Outro fator é que as pessoas raramente usam camisinhas em relacionamentos estáveis porque fazer isso implicaria numa falta de confiança. (E se a taxa de uso da camisinha sobe é possível que estejamos assistindo a um aumento do sexo casual ou comercial). Contudo, são essas relações sexuais que levam à piora da epidemia na África. Lá, a maior parte das infecções se dá na população em geral e não nos “grupos de alto risco”, como os “trabalhadores do sexo”, homens gays ou usuários de drogas injetáveis. E em significante proporção da população africana, as pessoas têm dois ou mais parceiros sexuais regulares ao mesmo tempo [who overlap in time]. Em Botswana, que tem um dos maiores índices de incidência de HIV, 43% dos homens e 17% das mulheres pesquisados tinham dois ou mais parceiros sexuais regulares no ano anterior.

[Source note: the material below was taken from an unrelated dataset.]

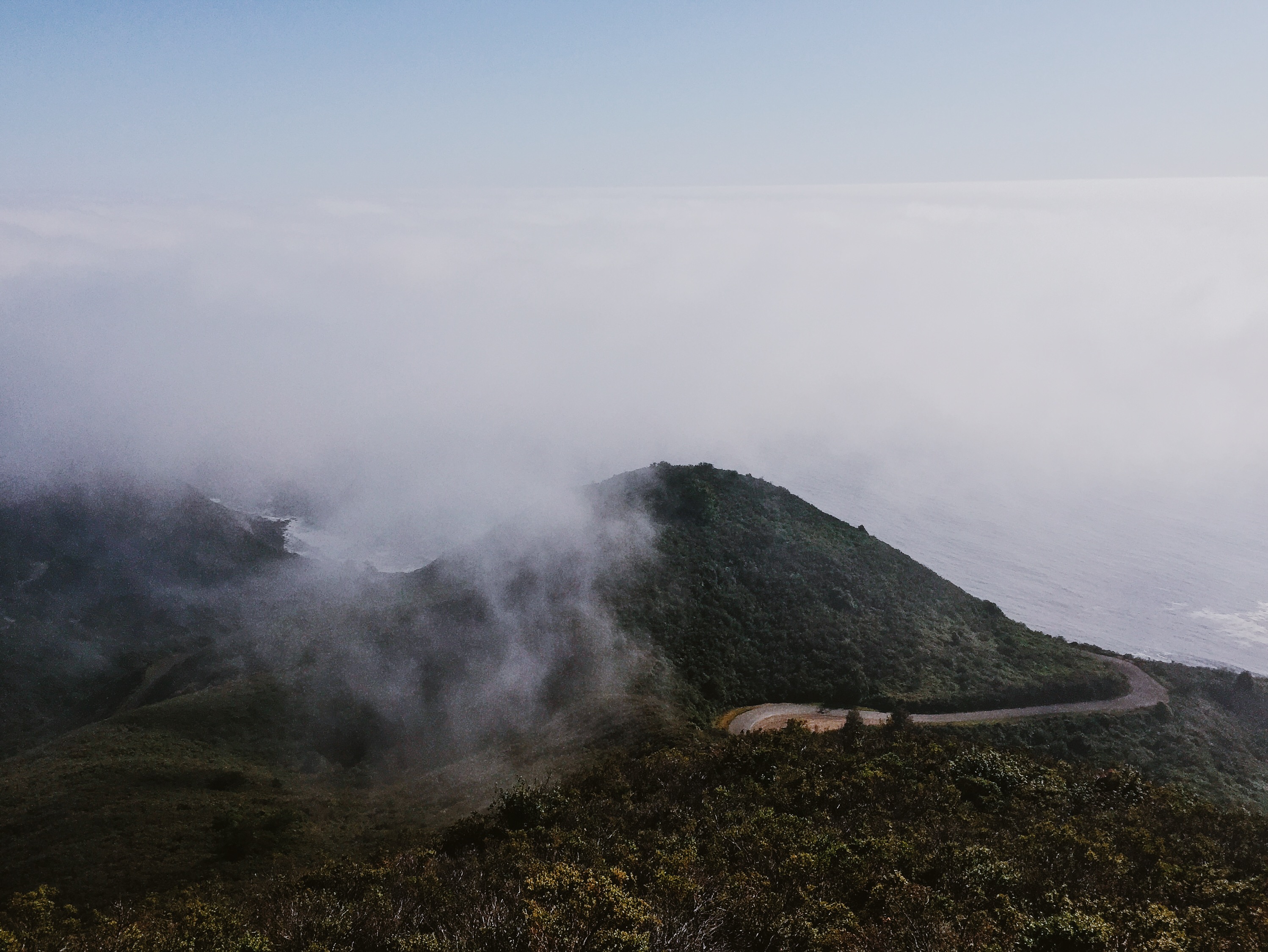 Driving up Nacimiento Fergusson Road towards Prewitt Ridge.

Essa múltipla concomitância de parceiros sexuais se assemelha a uma gigantesca rede invisível de relacionamentos através da qual o HIV/AIDS se espalha. Um estudo em Malawi conclui que mesmo se o número médio de parceiros for levemente superior a dois, praticamente dois terços dessa população foi interconectada através dessa rede de relacionamentos sexuais.

Então, o que funcionou na África? Estratégias que quebraram essa rede de relacionamentos sexuais múltiplos concomitantes – ou, numa linguagem coloquial, mútua fidelidade monogâmica ou, ao menos, redução no número de parceiros, especialmente concomitantes. Celibato [closed] ou fidelidade poligâmica também podem funcionar.

No programa de prevenção lançado em Uganda, que começou em 1986, o foco foi Sticking to One Partner [“aderindo a um parceiro”] ou Zero Grazing (que significa  permanecer fiel dentro de um casamento poligâmico) e Loving Faithfully [“amar com fidelidade”]. Estas simples mensagens funcionaram. Mais recentemente, dois países com os maiores índices de infecção, Suazilândia e Botswana, lançaram campanhas que desencorajam as pessoas terem múltiplos e concomitantes parceiros sexuais.

Não me entendam mal: eu não sou anti-camisinha. Todas as pessoas deveriam ter pleno acesso à camisinha e ela deve sempre ser uma estratégia substituta para aqueles que não querem ou não conseguem permanecer em uma relação de mútua fidelidade. Este foi o ponto-chave no “Consenso de 2004” publicado e endossado por mais de 150 peritos em AIDS, incluindo representantes das Nações Unidas, Organização Mundial da Saúde e Banco Mundial. Estes peritos também afirmaram que para os adultos sexualmente ativos, a primeira prioridade deveria ser promover a mútua fidelidade. Além disso, liberais e conservadores concordaram que a camisinha não podem vencer os desafios que permanecem críticos na África, tais como o sexo entre gerações, a desigualdade de gênero e o fim da violência doméstica, estupro e coerção sexual.

Certamente é hora de se começar a prover uma prevenção da AIDS na África baseada mais em evidências.

O autor é pesquisador senior na Harvard School of Public Health.